Kim Minseon, Oh Ilhwan, Ahn Jaegyoon
Department of Computer Science and Engineering, Incheon National University, Incheon 22012, Korea.
Genes (Basel). 2018 Oct 2;9(10):478. doi: 10.3390/genes9100478.
Accurate identification of prognostic biomarkers is an important yet challenging goal in bioinformatics. Many bioinformatics approaches have been proposed for this purpose, but there is still room for improvement. In this paper, we propose a novel machine learning-based method for more accurate identification of prognostic biomarker genes and use them for prediction of cancer prognosis. The proposed method specifies the candidate prognostic gene module by graph learning using the generative adversarial networks (GANs) model, and scores genes using a PageRank algorithm. We applied the proposed method to multiple-omics data that included copy number, gene expression, DNA methylation, and somatic mutation data for five cancer types. The proposed method showed better prediction accuracy than did existing methods. We identified many prognostic genes and their roles in their biological pathways. We also showed that the genes identified from different omics data were complementary, which led to improved accuracy in prediction using multi-omics data.

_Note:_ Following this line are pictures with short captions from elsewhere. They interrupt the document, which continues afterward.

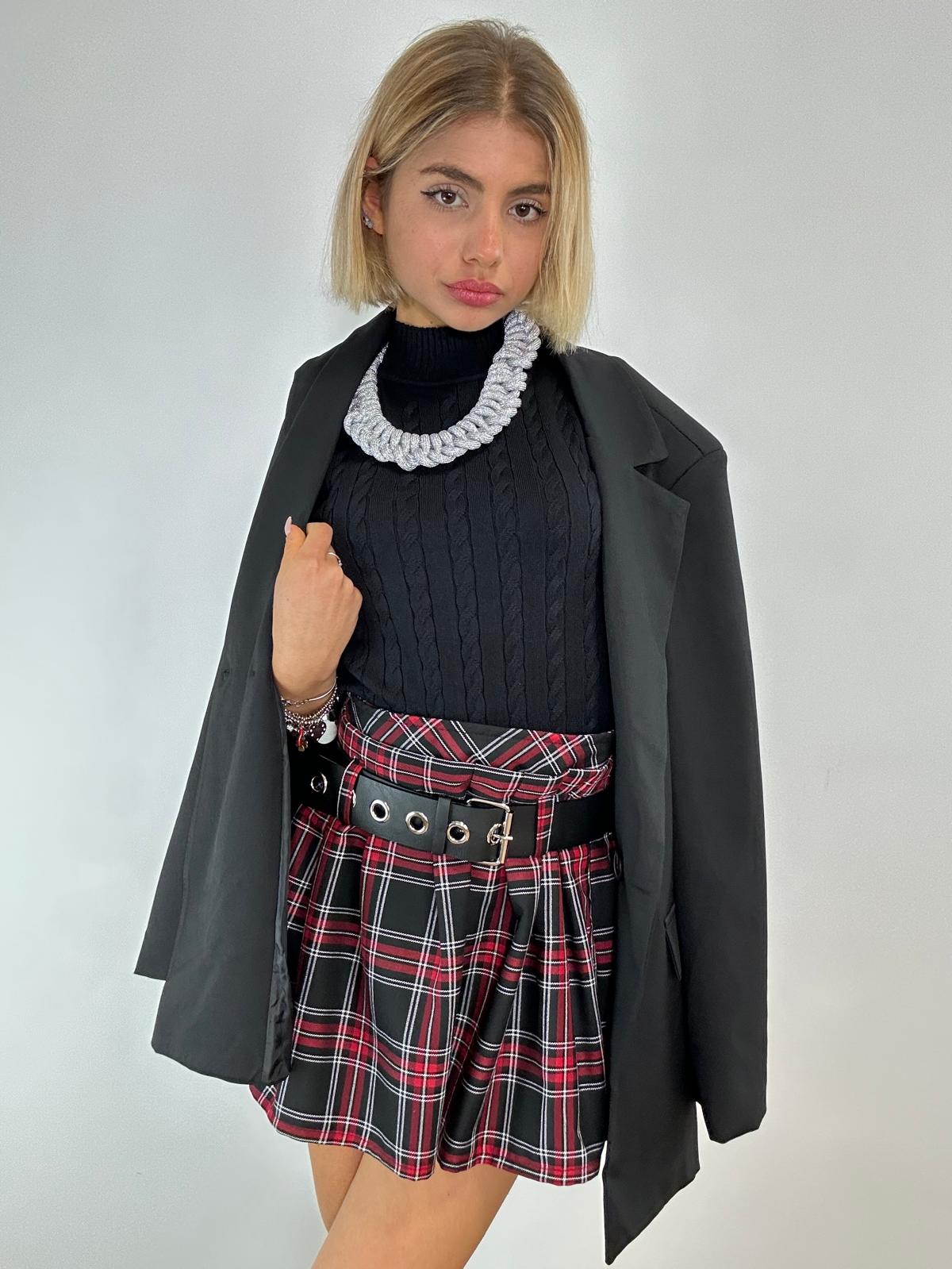 Gonna Tartan G-60121 - Nero e Bordeaux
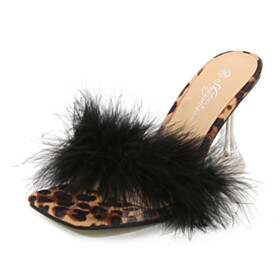 High Heel Faux Fur Stiletto Heels Fluffy Womens Sandals Leopard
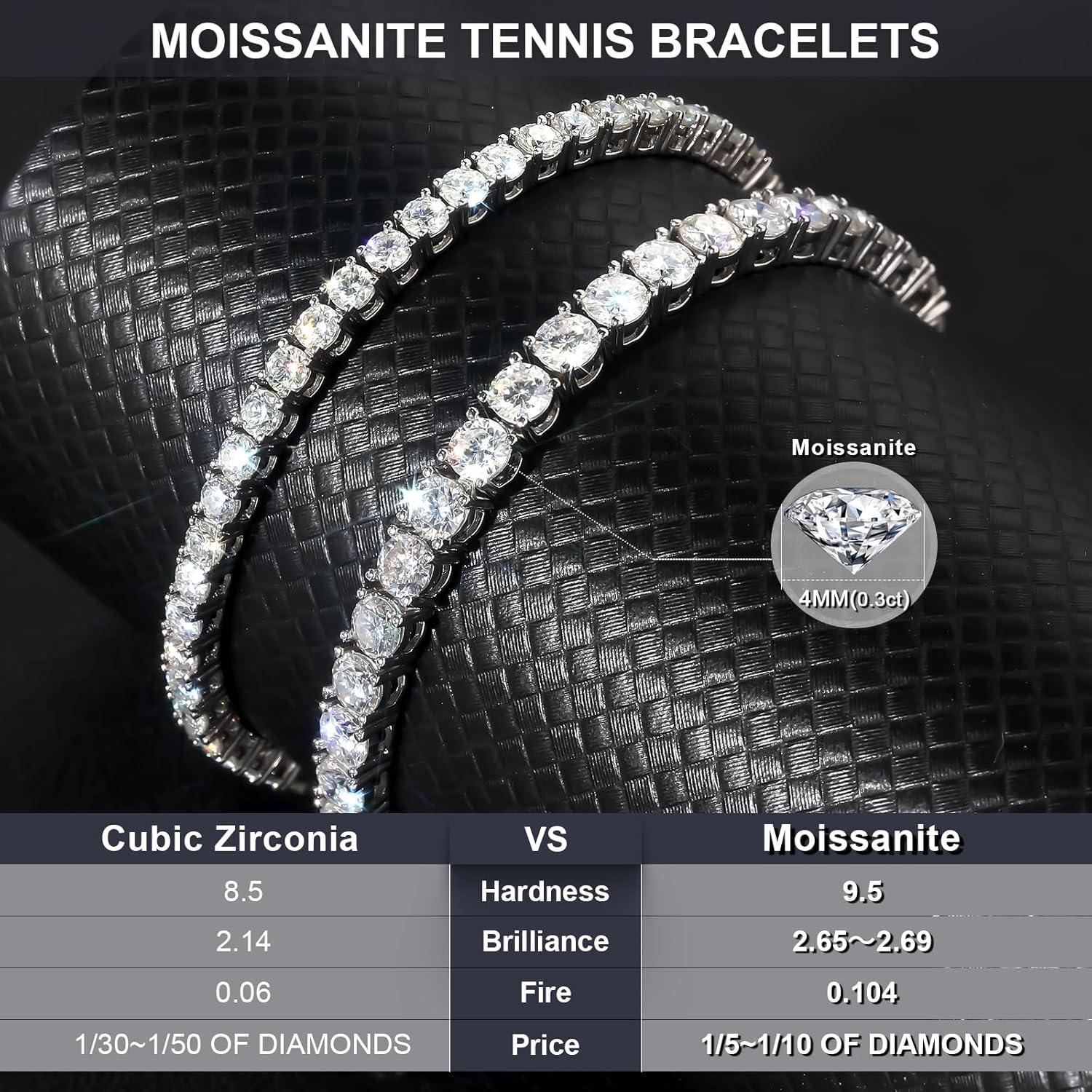Moissanite Tennisarmband Silber 925 Damen 4mm 11,7 Karat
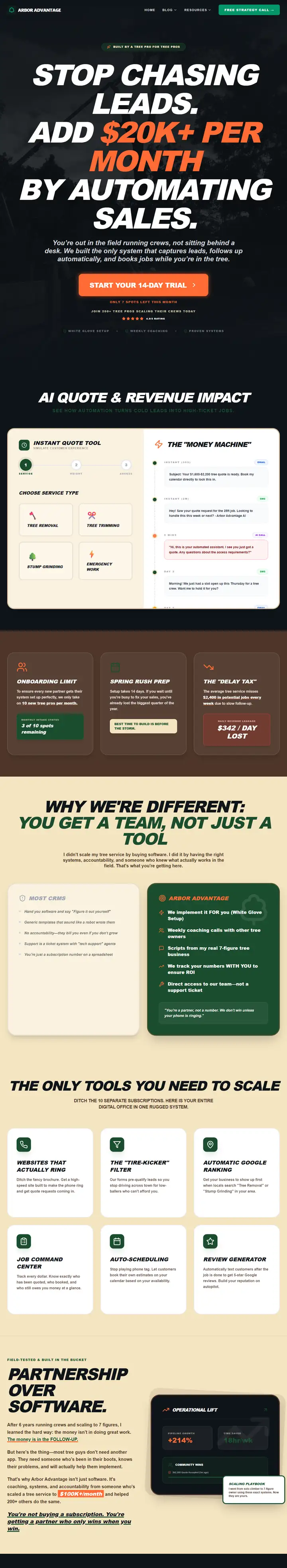 Arbor Advantage website, full page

准确识别预后生物标志物是生物信息学中一个重要但具有挑战性的目标。为此已经提出了许多生物信息学方法,但仍有改进的空间。在本文中,我们提出了一种基于机器学习的新方法,用于更准确地识别预后生物标志物基因,并将其用于预测癌症预后。所提出的方法通过使用生成对抗网络(GANs)模型的图学习来指定候选预后基因模块,并使用PageRank算法对基因进行评分。我们将所提出的方法应用于多种组学数据,这些数据包括五种癌症类型的拷贝数、基因表达、DNA甲基化和体细胞突变数据。所提出的方法显示出比现有方法更好的预测准确性。我们识别出了许多预后基因及其在生物途径中的作用。我们还表明,从不同组学数据中识别出的基因具有互补性,这导致使用多组学数据进行预测时准确性提高。